START Data records

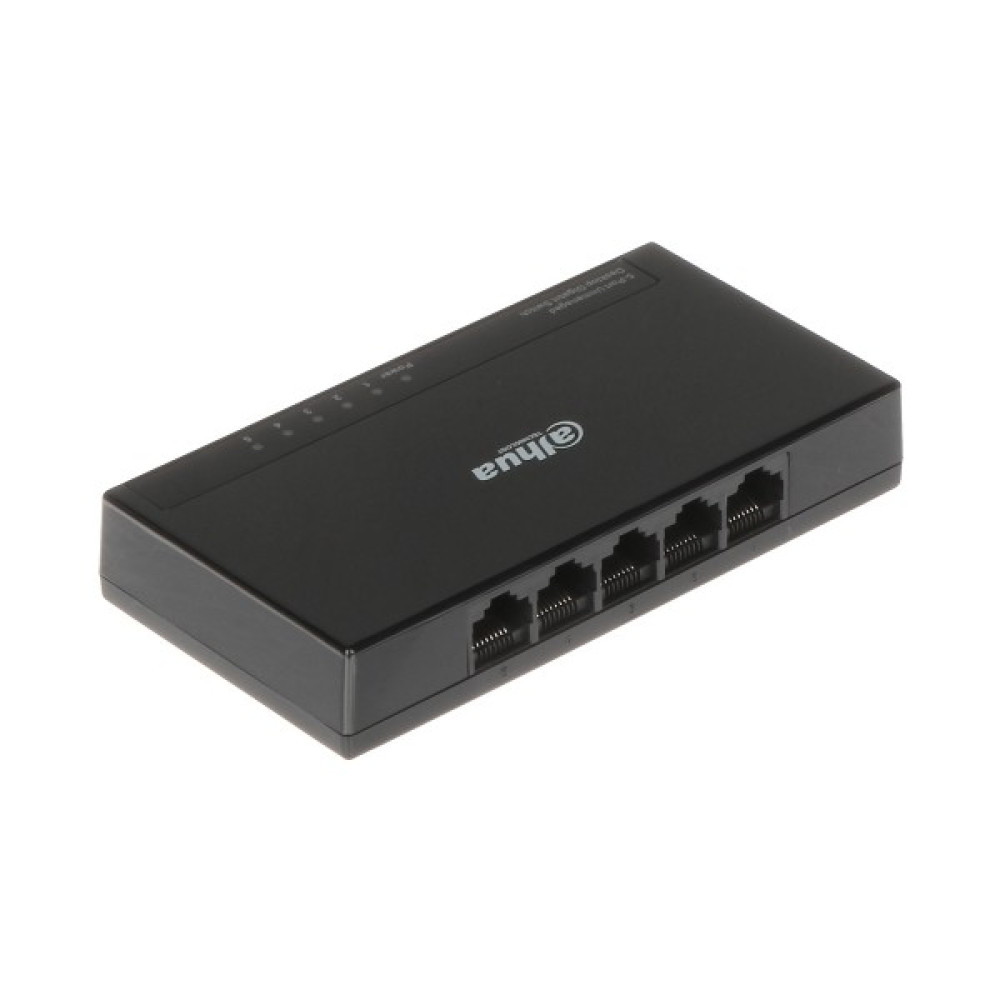 Dahua PFS3005-5GT-L, 5 Port, Gigabit, Yönetilemez, Masaüstü Switch Switchler Fiyatı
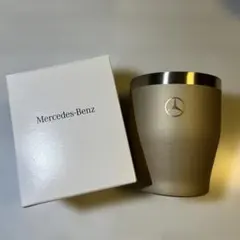【新品未使用品】Mercedes-benz オリジナル　ステンレス　カップ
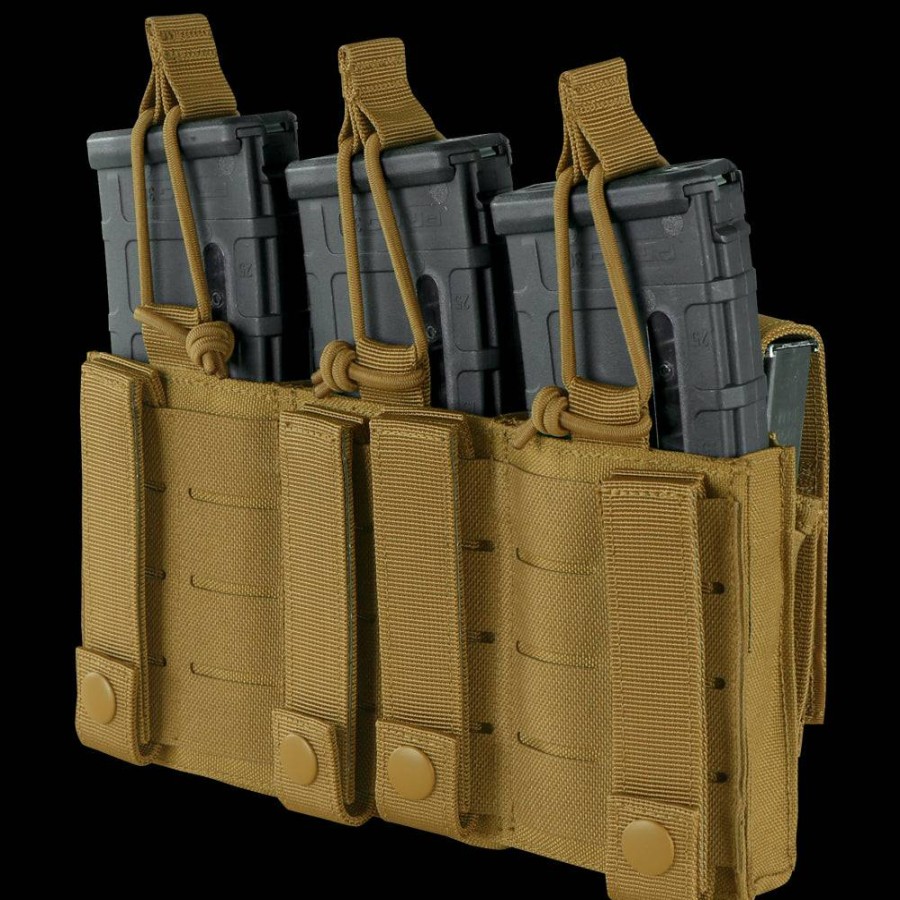 MODULAR POUCHES Condor Outdoor | Triple Kangaroo Mag Pouch Gen Ii Multicam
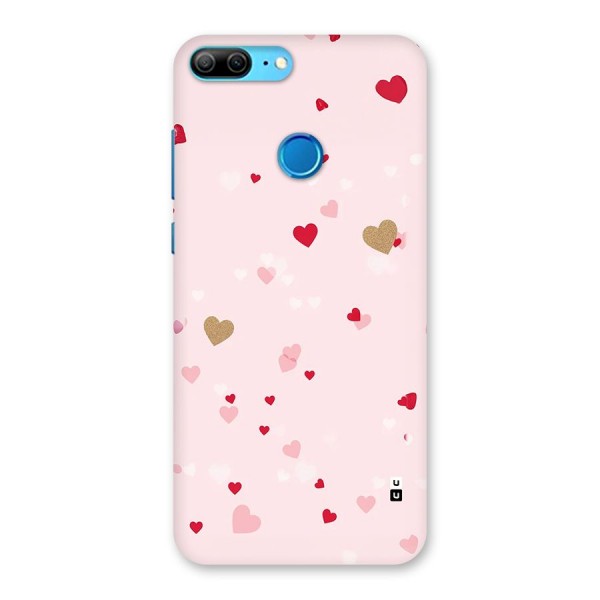 Flying Hearts Back Case for Honor 9 Lite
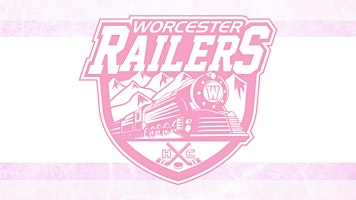 SOLD OUT:  Worcester Railers Hockey:  Pink in the Rink Night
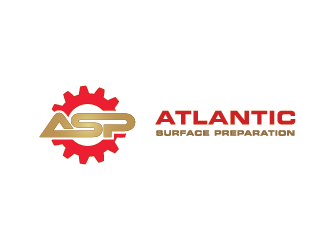 Atlantic Surface Preparation  logo design by Andri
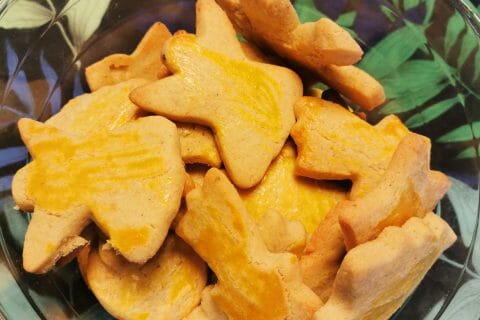 Cliquez pour zoomer ! Sablés de Noël au Thermomix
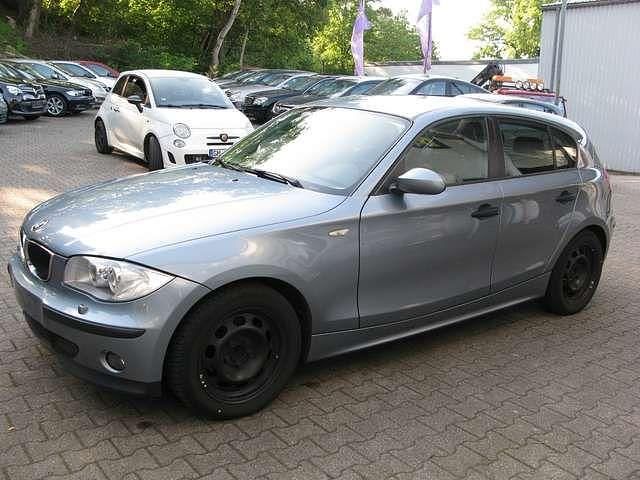 Gebraucht BMW 116 Advantage 116 PS (85 kW) 2005 Quarzblau metallic Kleinwagen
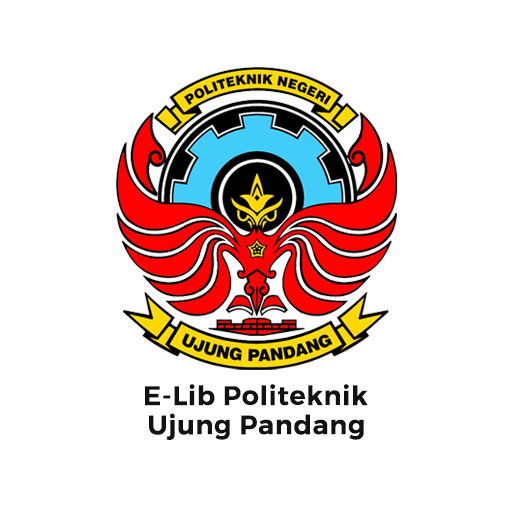E-Lib Politeknik Ujung Pandang logo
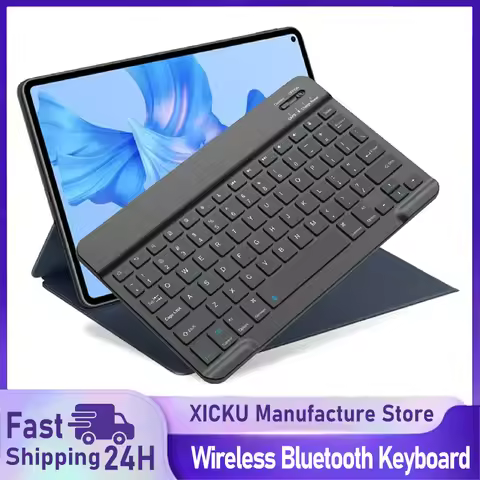 Bluetooth Keyboard for iPad 10th Generation iPad Pro 13 12 11 10 9 8 7 Inch iPad Air 13 11th iPad Mi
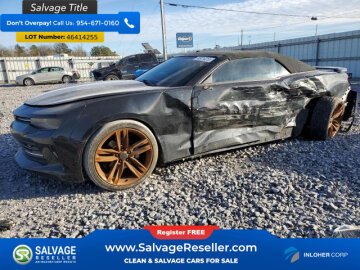 2017 Chevrolet Camaro LT Convertible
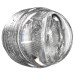 Мастурбатор двухсторонний Fleshlight Quickshot Autumn Falls с имитацией вагины и ануса, прозрачный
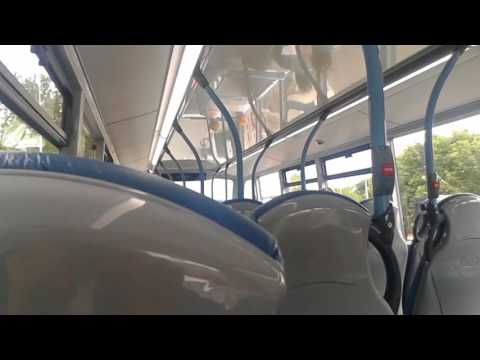 Let's Ride the Stagecoach Sunderland Scania N280UD/Enviro 400MMC demonstrator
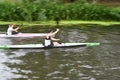 Rowers in Chelmsford on a River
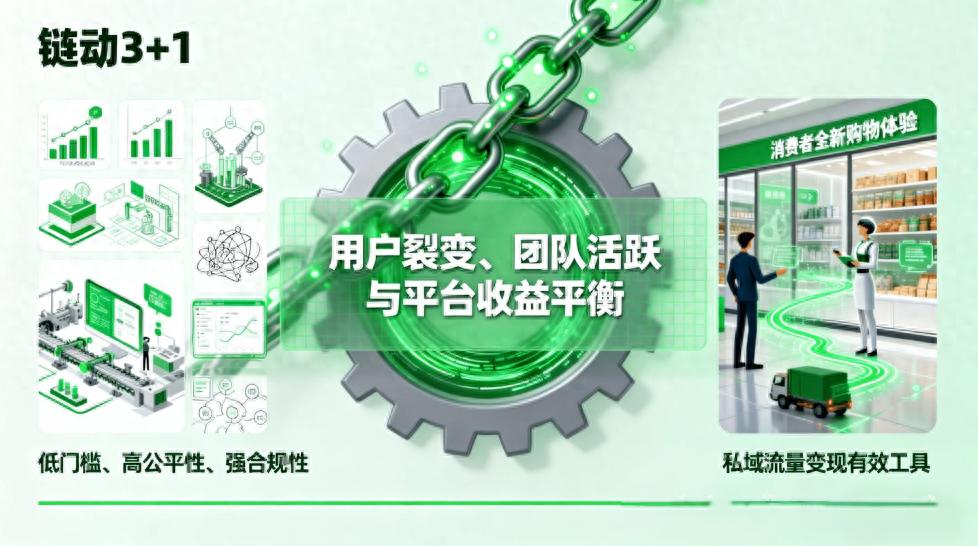 白酒经销商寒冬破局：链动3+1模式如何实现逆势增长？库存周转从900天到季度销2万箱的蜕变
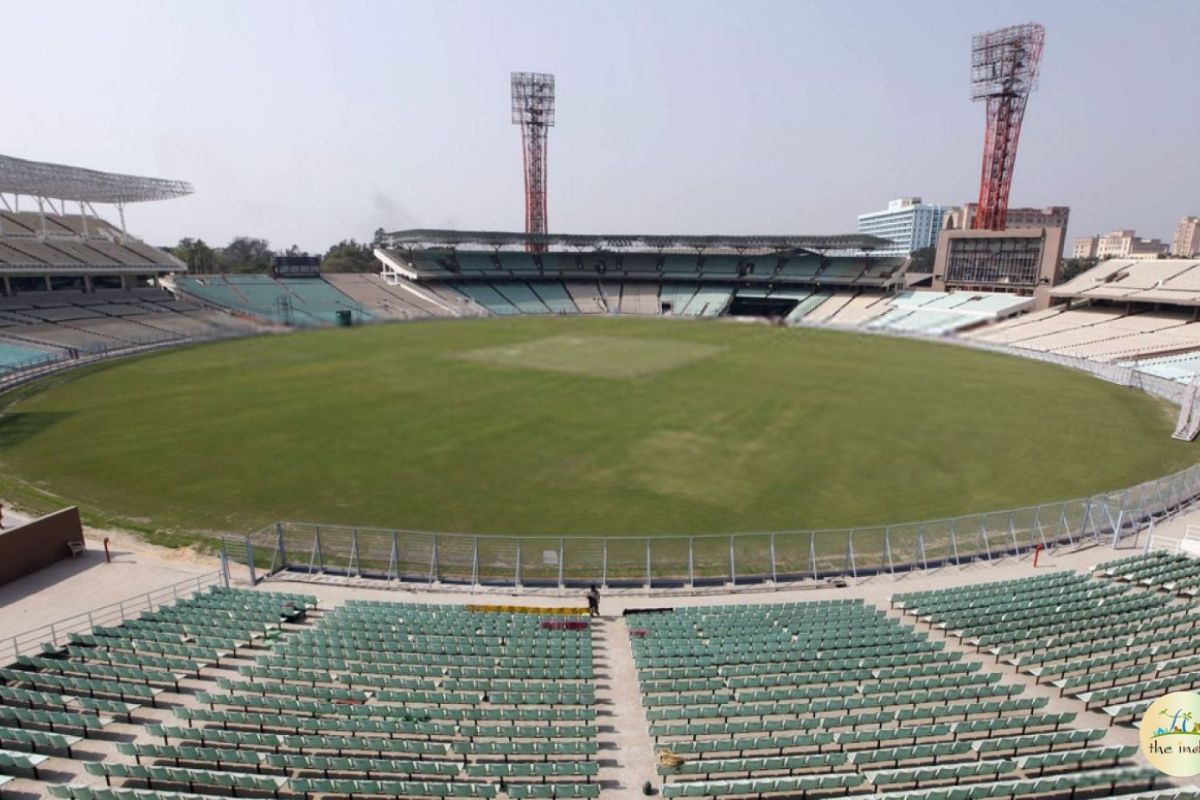 Top 10 World’s Largest Cricket Stadium 4 Largest Cricket Stadium: Eden Graden Stadium Kolkata
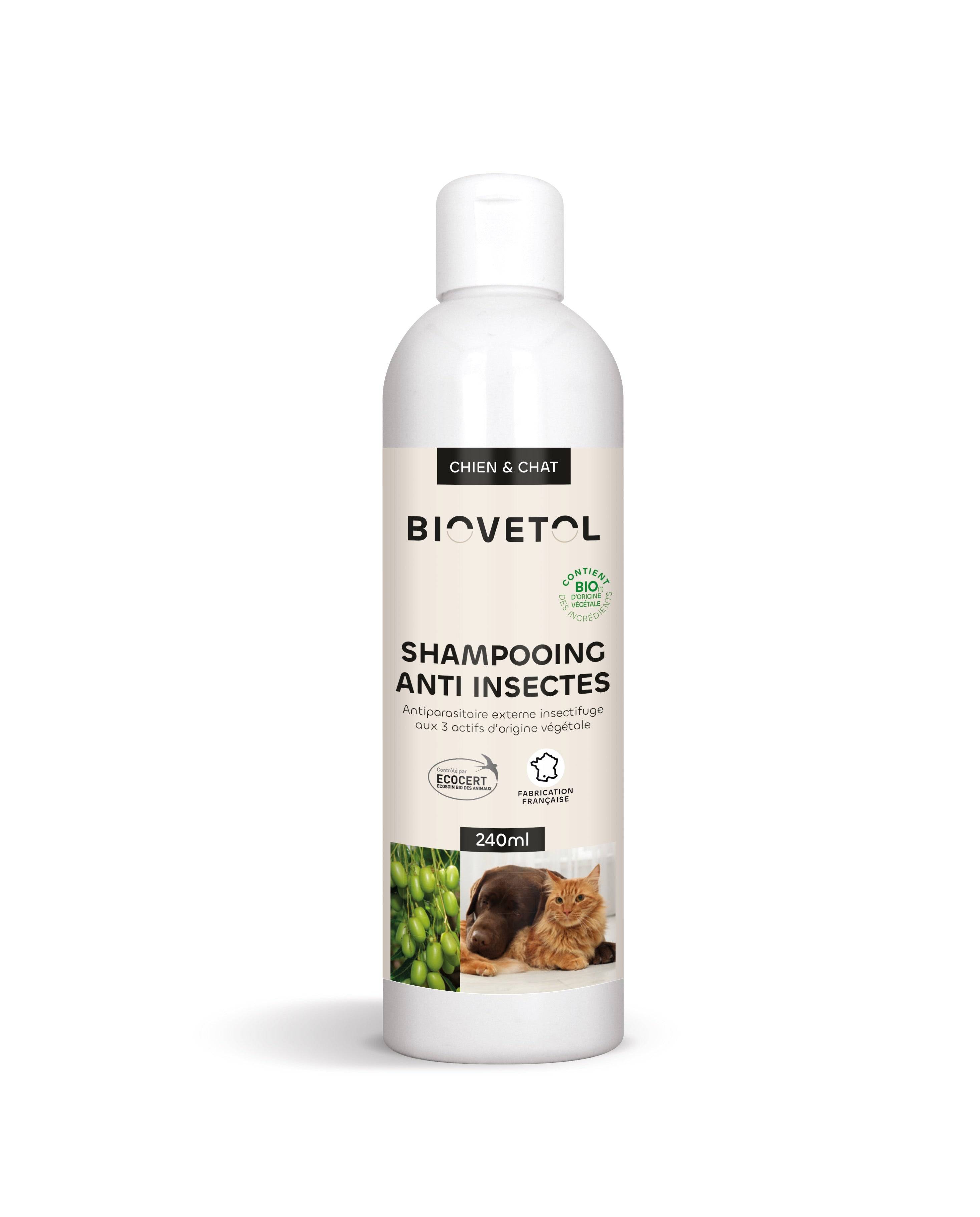 Biovetol - Shampoing Anti-Insectes Bio - Imagen 1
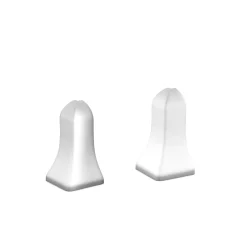 Außenecke 4cm Verlegezubehör, Grundierfolie weiß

END Data records

*Action item*
Starting from the line where "Top 10 World’s" appears, copy every line through the end of the material, both ends included, but no pictures.

*Expected output*
 Top 10 World’s Largest Cricket Stadium 4 Largest Cricket Stadium: Eden Graden Stadium Kolkata
 Biovetol - Shampoing Anti-Insectes Bio - Imagen 1
 Außenecke 4cm Verlegezubehör, Grundierfolie weiß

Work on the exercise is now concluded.